Aku masih
ingat saat pertama kita berjumpa. Kau datang dengan wajah lugu berbalut resah.
Dari sana aku tahu kau menahan lapar. Badanmu begitu mungil, aku pun sadar kau
masih kecil. Tapi kau sendirian. Ibaku meninggi. Sekecil itu kau sudah berpisah
dengan ibumu. Aku langsung mengingat masa kecilku yang selalu ditemani Mama.
Sayangnya aku tidak memiliki makanan
yang sesuai dengan seleramu. Ah, tidak juga, mungkin kau dapat menerimanya.
Kakiku berlari ke tudung saji yang di dalamnya ada ayam goreng. Ibuku mungkin
akan marah, jadi aku harap kau tidak memberitahu ibuku kalau aku memberimu ayam.

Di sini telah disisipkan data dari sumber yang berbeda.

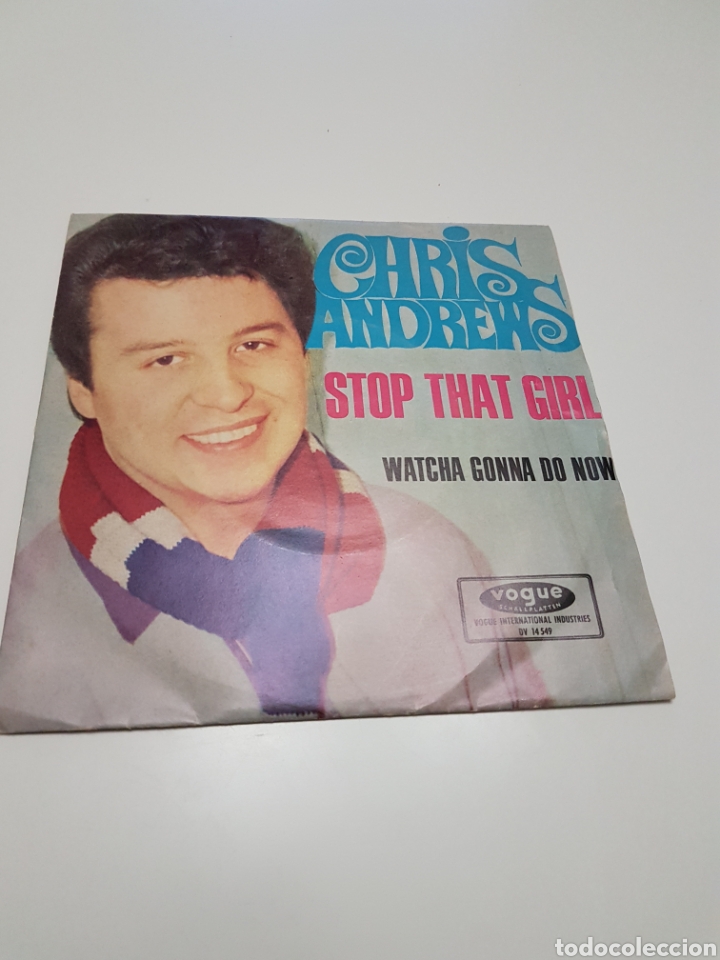 Discos de vinilo: CHRIS ANDREWS - STOP THAT GIRL - Foto 1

Kau pun memakannya dengan lahap,
lalu menghampiriku lagi untuk meminta ayam yang lain. Papa lalu berdiri di
belakangku, yang kukejutkan dia mengelus kepalamu. Aku terpana karena kau
begitu manja padahal kau ini jantan. Ah, tapi kau memang masih anak-anak.
Gimana kalau dibeliin makanan khusus
kucing, Pa? saranku.
Oke. Papa menerimanya, bahkan
setelah itu memberimu nama.
Papa memanggilmu Cemaung, aku pun
memanggilmu demikian.
Lalu setiap
pagi sehabis subuh, saat aku harus pergi ke Jakarta demi masa depanku, aku
terkejut denganmu yang mengikuti langkahku. Tiba di jalanan komplek aku
menunggu angkutan kota melintas, kau lantas duduk di sebelahku dalam diam. Kita
tidak saling bicara, tapi aku bersyukur dengan kehadiranmu. Karena kau
menemaniku dalam kegelapan subuh yang masih temaram.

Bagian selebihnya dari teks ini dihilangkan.